The Board of Trade inspector, General Pasley, visited the line on 1 November 1845 to approve it for opening of the whole line. The Times newspaper reported the event; a special train left London Bridge hauled by a steam locomotive; at Forest Hill the locomotive was detached and:
the piston carriage substituted and the train thence became actuated by atmospheric pressure. The train consisted of ten carriages (including that to which the piston is attached) and its weight was upward of fifty tons. At seven and a half minutes past two the train left the point of rest at the Dartmouth Arms, and at eight and three-quarter minutes past, the piston entered the valve,[note 6] when it immediately occurred to us that one striking advantage of the system was the gentle, the almost imperceptible, motion on starting.

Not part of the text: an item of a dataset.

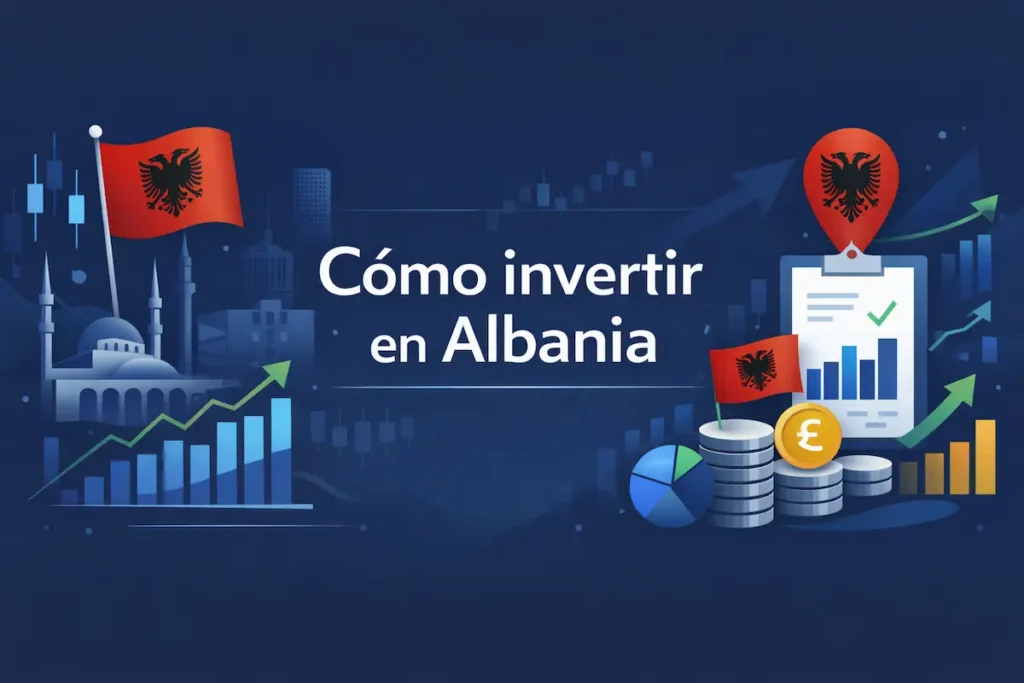 Guía de inversión en Albania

On quitting the station on locomotive lines we have frequently experienced a "jerk" amounting at times to an absolute "shock" and sufficient to alarm the nervous and timid passenger. Nothing of the sort, however, was experienced here. Within a minute and a quarter of the piston entering the pipe, the speed attained against a strong headwind was at the rate of twelve miles an hour; in the next minute, viz. at eleven minutes past two, twenty-five miles an hour; at thirteen minutes past two, thirty-four miles an hour; fourteen minutes past two, forty miles an hour; and fifteen minutes past two, fifty-two miles an hour, which was maintained until sixteen minutes past two, when the speed began to diminish, and at seventeen and a half minutes past two, the train reached the Croydon terminus, thus performing the journey from Dartmouth Arms, five miles, in eight minutes and three-quarters. The barometer in the piston carriage indicated a vacuum of 25 inches and that in the engine house a vacuum of 28 inches.[note 7][14]
The successful official public run was widely reported and immediately new schemes for long-distance railways on the atmospheric system were being promoted; the South Devon Railway's shares appreciated overnight.
Pasley's report of 8 November was favourable, and the line was clear to open. The directors hesitated, desiring to gain a little more experience beforehand. On 19 December 1845 the crankshaft of the Forest Hill stationary engine fractured, and the engine was unusable. However, the part was quickly replaced and on 16 January 1846, the line opened.
At 11:00 that morning the crankshaft of one of the Croydon engines broke. Two engines had been provided, so traffic was able to continue using the other,[note 8] until at 7:20 p.m. that engine suffered the same fate. Again repairs were made until 10 February 1846, when both of the Croydon engines failed.
This was a bitter blow for the adherents of the atmospheric system; shortcomings in the manufacture of the stationary engines procured from a reputable engine-maker said nothing about the practicality of the atmospheric system itself, but as Samuda said to the Board:
"The public cannot discriminate (because it cannot know) the cause of the interruptions, and every irregularity is attributed to the atmospheric system."[15]
Two months later, the beam of one of the Forest Hill engines fractured. At this time the directors were making plans for the Epsom extension; they quickly revised their intended purchase of engines from Maudslay, and invited tenders; Boulton and Watt of Birmingham were awarded the contract, their price having been considerably less than their competitors'.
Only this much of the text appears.